Norwegian footballer (born 1990)

 Jonatan Tollås Nation (born 1 July 1990) is a former Norwegian professional footballer.

==Club career==
Tollås came to Aalesund in 2007 from local youth club Blindheim IL. He made his league debut on 1 July 2008 appearing in a 3–1 home win against Strømsgodset IF. He made regular appearances in the following matches, mainly due to center back Benjamin Kibebe being injured. Eventually Tollås would be a part of the a new up-and-coming generation of young players forming the backbone of the Aafk team. By the end of July 2008, ten out of eleven starting players were under the age of 22. His decent performance led to him being scouted along with teammate Peter Orry Larsen by the Serie-A side Udinese, however no deal was reached.

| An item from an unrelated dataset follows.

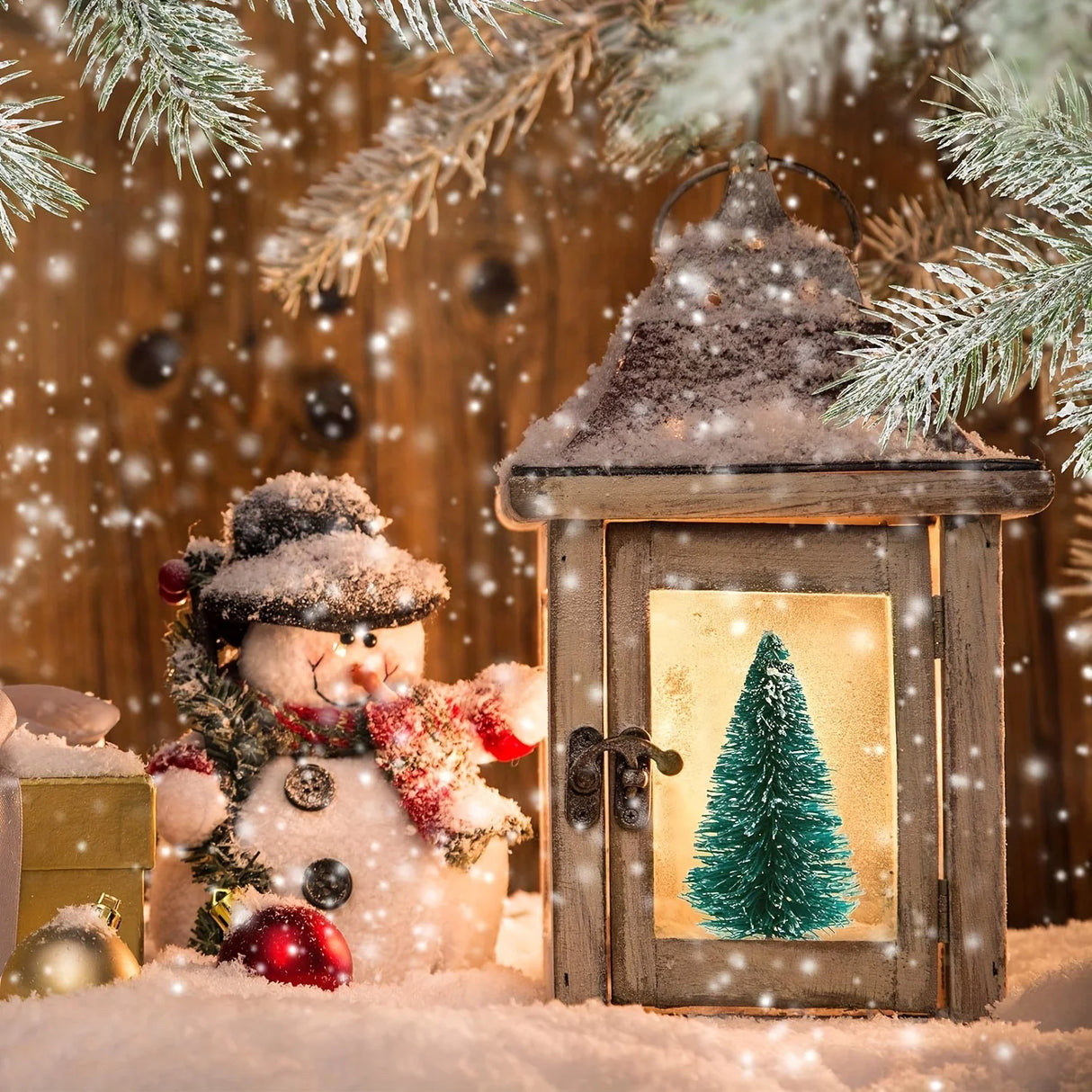 ミニ人工クリスマスツリー・12個パック・木製ベース付き・DIYクラフトやホリデーホームデコレーションに最適な卓上ボトルブラシツリー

Ahead of the 2009 season Aafk's new coach Kjetil Rekdal signaled that he envisioned Tollås would be made the first choice for center back, pairing up with Daniel Arnefjord. Both Rekdal and Arnefjord praised the youngster as a talent, and claimed he had even greater potential. Despite plenty of playing time, the season however turned out to be mixed for Tollås, an injury kept him on the sidelines for most of the summer, and he was jeered by frustrated home supporters during a home draw against Sandefjord Fotball. Despite this, he was selected to start the 2009 Norwegian Cup final which Aafk brought home for the first time.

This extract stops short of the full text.